Contract alteration is less likely in the oil sector due to the disruptive impact this could have on the commencement of oil production, which the government aims to begin in 2020 but is unlikely before 2023, and which Museveni views as a key part of his legacy. The Petroleum Act 2013 offers weak guarantees of transparent and competitive bidding processes, giving broad discretionary powers to the energy minister over contract negotiations and licence disputes. Various parties, including tribal communities such as the Bunyoro, and government entities, such as the Ugandan Wildlife Authority, have demanded revenues from future oil contracts.
In 2010 and 2012, the sale of oil block licences (farm-down deals) prompted disputes between the government and sellers Heritage Oil and Tullow Oil. The government conceded on one major obstacle, the capacity of a new refinery, signing a memorandum of understanding (MoU) with Tullow, Total, and CNOOC in February 2014 to allow production to start. An agreement between the government and a consortium of American, Italian, and Mauritian firms to build a small domestic refinery (instead of the large one originally sought by Museveni) was finally signed in April 2018. Property fraud in areas eyed for oil exploration is a significant problem, sparking disputes between foreign projects and politically-connected Ugandan landowners. While there is no public register of oil licences in Uganda, details of mineral licences are available online, enabling greater transparency.

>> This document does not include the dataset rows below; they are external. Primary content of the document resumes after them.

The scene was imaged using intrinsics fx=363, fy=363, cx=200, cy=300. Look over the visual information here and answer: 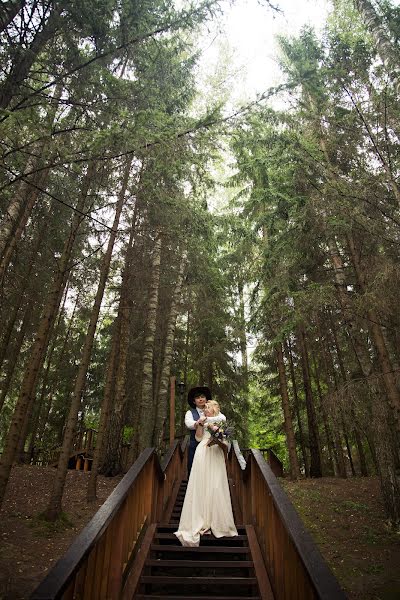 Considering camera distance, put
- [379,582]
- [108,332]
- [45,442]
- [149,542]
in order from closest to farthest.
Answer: [149,542]
[379,582]
[108,332]
[45,442]

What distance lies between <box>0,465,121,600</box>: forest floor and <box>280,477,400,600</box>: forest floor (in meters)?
4.89

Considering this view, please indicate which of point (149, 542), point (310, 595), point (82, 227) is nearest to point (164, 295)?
point (82, 227)

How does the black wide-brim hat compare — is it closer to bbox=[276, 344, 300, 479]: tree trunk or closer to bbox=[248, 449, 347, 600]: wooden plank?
bbox=[248, 449, 347, 600]: wooden plank

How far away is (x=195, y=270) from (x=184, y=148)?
23.4 ft

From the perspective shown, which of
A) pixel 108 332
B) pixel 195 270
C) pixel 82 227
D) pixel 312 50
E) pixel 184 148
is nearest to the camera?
pixel 184 148

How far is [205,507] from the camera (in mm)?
4691

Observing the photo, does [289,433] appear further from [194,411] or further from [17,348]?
[17,348]

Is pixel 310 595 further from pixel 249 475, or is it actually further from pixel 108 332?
pixel 108 332

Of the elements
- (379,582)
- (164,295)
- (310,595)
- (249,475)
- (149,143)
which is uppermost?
(164,295)

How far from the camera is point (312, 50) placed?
10.9 metres

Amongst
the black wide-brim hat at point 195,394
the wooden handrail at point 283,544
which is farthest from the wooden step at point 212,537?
the black wide-brim hat at point 195,394

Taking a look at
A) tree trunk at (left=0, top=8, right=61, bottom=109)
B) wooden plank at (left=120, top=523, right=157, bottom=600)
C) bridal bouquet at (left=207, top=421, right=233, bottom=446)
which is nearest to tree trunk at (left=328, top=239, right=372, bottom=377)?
bridal bouquet at (left=207, top=421, right=233, bottom=446)

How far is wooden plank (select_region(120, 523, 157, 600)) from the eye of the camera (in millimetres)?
3371

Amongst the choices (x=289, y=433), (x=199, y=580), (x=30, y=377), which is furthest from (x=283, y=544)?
(x=289, y=433) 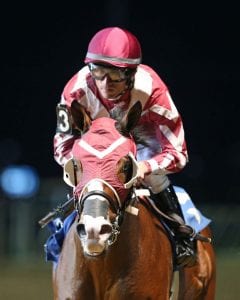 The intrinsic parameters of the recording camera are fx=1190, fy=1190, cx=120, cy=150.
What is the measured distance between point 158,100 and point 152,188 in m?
0.48

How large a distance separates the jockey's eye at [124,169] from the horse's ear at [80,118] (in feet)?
0.84

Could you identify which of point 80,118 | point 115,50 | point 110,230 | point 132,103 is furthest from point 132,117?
point 110,230

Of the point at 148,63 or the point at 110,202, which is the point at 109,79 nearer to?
the point at 110,202

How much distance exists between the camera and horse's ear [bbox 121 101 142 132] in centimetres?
484

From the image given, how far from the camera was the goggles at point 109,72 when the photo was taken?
199 inches

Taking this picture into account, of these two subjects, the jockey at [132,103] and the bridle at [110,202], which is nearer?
the bridle at [110,202]

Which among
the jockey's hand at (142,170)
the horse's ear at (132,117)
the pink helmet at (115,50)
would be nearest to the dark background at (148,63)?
the pink helmet at (115,50)

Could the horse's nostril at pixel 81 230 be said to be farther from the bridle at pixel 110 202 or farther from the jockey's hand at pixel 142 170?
the jockey's hand at pixel 142 170

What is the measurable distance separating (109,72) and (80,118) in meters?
0.30

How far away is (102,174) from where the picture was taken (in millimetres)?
4598

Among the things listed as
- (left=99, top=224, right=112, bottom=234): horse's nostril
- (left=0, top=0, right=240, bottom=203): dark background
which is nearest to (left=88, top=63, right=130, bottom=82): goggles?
(left=99, top=224, right=112, bottom=234): horse's nostril

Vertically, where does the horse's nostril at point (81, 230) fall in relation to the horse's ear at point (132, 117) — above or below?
below

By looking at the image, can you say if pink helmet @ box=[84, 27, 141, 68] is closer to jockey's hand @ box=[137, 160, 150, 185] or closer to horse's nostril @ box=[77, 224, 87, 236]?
jockey's hand @ box=[137, 160, 150, 185]

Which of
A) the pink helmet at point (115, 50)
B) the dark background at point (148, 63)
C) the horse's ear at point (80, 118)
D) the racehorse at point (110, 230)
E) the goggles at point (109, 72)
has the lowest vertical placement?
the dark background at point (148, 63) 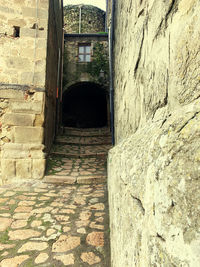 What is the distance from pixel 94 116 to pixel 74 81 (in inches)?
163

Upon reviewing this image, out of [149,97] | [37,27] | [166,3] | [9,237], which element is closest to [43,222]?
[9,237]

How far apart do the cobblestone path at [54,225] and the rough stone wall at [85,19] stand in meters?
13.8

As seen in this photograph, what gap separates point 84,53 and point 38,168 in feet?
26.1

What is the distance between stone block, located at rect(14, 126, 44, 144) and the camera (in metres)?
3.73

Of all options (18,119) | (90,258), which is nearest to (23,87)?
(18,119)

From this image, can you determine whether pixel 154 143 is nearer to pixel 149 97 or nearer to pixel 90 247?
pixel 149 97

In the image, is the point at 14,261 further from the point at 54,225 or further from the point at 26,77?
the point at 26,77

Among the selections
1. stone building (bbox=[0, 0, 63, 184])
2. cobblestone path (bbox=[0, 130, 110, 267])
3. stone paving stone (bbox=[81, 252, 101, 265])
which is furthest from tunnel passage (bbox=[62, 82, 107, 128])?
stone paving stone (bbox=[81, 252, 101, 265])

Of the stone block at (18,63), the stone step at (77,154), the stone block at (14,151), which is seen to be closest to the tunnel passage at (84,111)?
the stone step at (77,154)

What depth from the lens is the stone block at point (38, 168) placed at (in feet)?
11.9

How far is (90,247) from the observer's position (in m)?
1.67

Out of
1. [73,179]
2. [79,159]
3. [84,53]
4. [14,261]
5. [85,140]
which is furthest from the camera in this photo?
[84,53]

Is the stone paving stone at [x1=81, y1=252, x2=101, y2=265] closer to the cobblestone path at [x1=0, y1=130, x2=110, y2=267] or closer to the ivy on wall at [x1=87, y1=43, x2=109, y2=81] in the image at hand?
the cobblestone path at [x1=0, y1=130, x2=110, y2=267]

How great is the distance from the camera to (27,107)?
12.5 ft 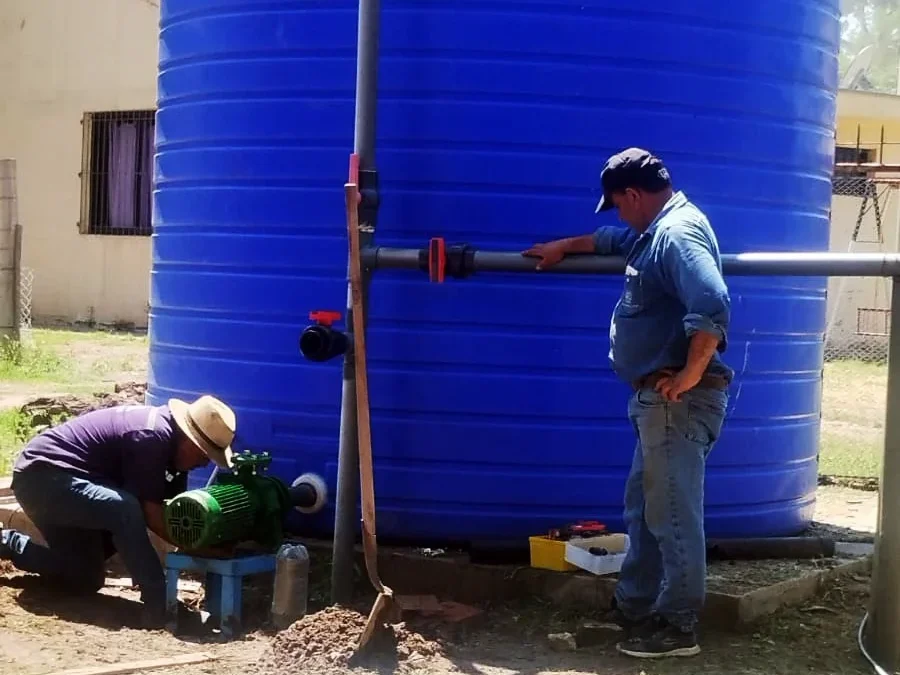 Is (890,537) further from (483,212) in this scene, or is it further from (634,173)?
(483,212)

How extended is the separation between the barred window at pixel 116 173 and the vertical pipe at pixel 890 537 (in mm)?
13652

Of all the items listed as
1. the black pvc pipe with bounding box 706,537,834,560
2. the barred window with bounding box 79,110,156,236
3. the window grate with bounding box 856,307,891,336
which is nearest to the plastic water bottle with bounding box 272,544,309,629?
the black pvc pipe with bounding box 706,537,834,560

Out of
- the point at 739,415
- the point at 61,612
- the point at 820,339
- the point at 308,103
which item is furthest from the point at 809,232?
the point at 61,612

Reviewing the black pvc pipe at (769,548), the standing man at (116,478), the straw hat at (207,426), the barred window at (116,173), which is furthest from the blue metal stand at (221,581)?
the barred window at (116,173)

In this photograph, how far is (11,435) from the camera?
845cm

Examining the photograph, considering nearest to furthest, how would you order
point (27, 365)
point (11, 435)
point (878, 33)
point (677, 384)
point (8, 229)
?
1. point (677, 384)
2. point (11, 435)
3. point (8, 229)
4. point (27, 365)
5. point (878, 33)

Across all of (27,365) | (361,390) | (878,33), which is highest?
(878,33)

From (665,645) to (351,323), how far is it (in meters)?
1.57

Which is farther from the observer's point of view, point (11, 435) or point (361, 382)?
point (11, 435)

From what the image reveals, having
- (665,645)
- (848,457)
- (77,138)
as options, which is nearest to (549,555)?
(665,645)

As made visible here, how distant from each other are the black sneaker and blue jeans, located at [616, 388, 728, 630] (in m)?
0.04

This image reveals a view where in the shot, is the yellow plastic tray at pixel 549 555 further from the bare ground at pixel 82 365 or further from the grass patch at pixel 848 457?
the bare ground at pixel 82 365

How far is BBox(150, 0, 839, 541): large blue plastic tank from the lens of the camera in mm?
5012

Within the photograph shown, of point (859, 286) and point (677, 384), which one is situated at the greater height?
point (859, 286) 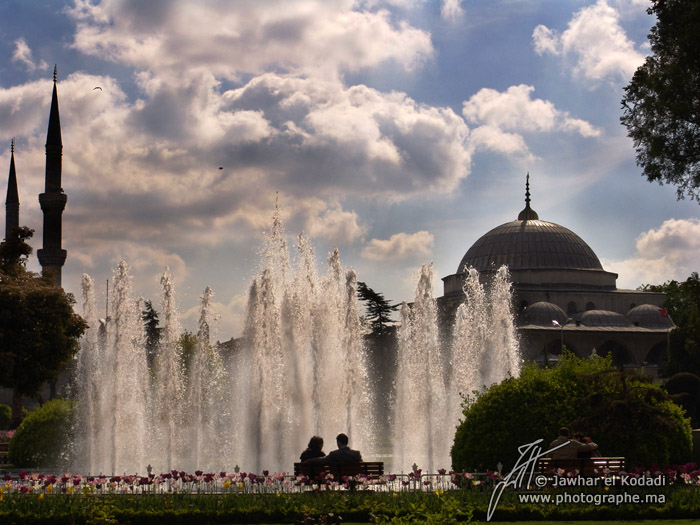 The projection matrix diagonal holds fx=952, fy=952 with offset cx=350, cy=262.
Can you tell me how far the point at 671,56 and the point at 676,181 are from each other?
2087 mm

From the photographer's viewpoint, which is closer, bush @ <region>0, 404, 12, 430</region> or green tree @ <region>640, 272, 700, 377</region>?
green tree @ <region>640, 272, 700, 377</region>

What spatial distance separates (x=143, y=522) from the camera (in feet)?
34.9

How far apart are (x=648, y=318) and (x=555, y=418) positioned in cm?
5136

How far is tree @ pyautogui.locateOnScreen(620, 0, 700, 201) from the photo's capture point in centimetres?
1538

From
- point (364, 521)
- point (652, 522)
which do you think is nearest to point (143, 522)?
point (364, 521)

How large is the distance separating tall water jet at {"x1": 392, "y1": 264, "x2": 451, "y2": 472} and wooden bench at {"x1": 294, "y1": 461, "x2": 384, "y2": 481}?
6.99 m

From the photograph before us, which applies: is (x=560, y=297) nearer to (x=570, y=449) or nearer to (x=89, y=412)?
(x=89, y=412)

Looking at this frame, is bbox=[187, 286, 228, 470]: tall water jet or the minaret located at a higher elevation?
the minaret

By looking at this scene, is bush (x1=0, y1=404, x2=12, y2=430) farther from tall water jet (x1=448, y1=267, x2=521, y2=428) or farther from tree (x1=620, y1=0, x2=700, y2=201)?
tree (x1=620, y1=0, x2=700, y2=201)

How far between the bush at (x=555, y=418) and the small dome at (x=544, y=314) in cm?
4424

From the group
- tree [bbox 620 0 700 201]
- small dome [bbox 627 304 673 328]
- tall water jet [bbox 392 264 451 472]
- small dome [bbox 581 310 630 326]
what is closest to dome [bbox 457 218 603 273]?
small dome [bbox 627 304 673 328]

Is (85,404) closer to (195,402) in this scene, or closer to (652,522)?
(195,402) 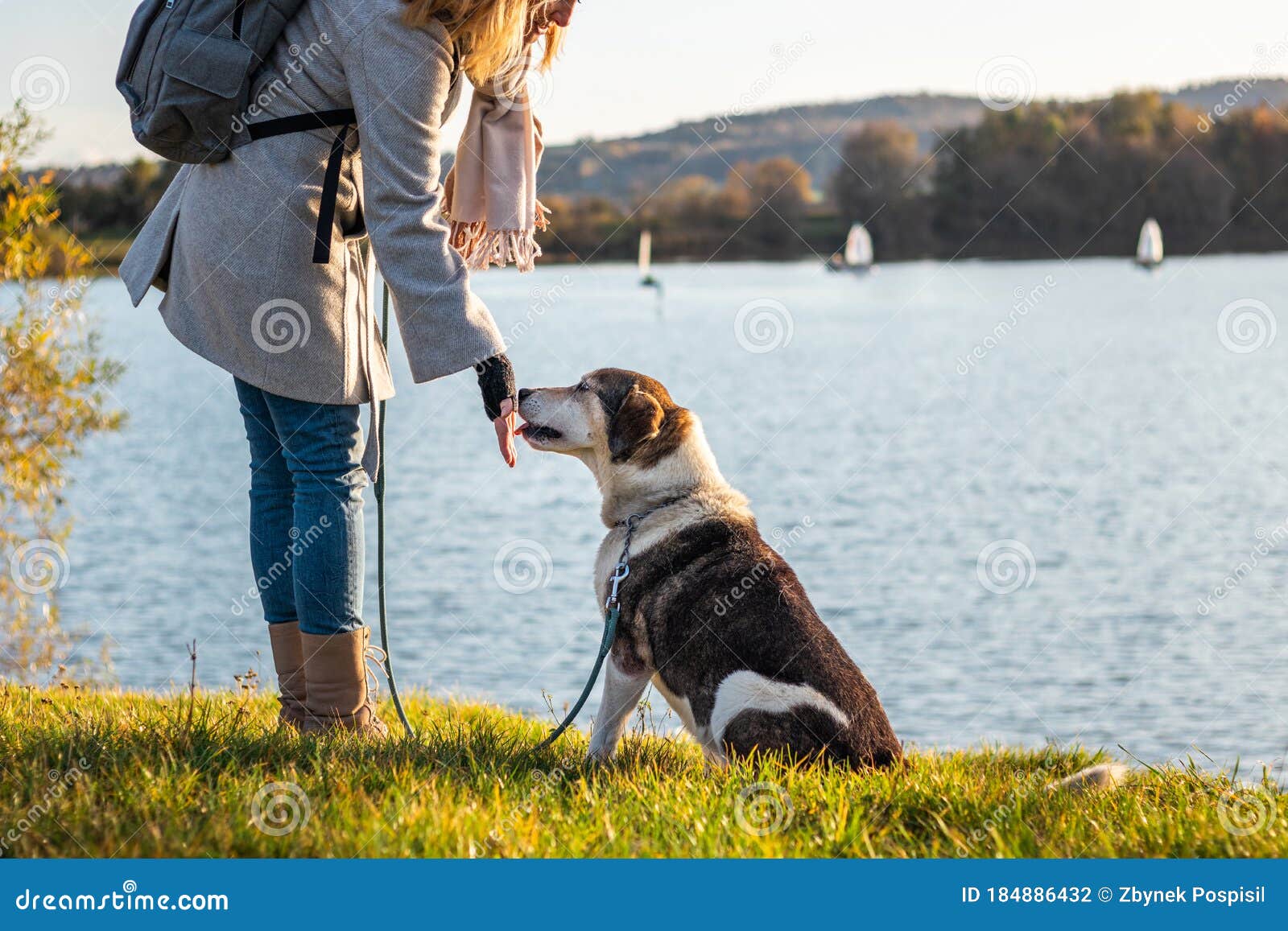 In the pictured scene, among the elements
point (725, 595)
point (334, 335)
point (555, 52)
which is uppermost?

A parliamentary inquiry into the contract to build a new standard-gauge railway (SGR) line was established following a legal dispute involving two Chinese firms. The government awarded the USD8 billion project to China Harbour Engineering Company (CHEC), despite signing an MoU with China Civil Engineering Construction Corporation (CCECC), which filed a lawsuit that it subsequently withdrew in January 2015.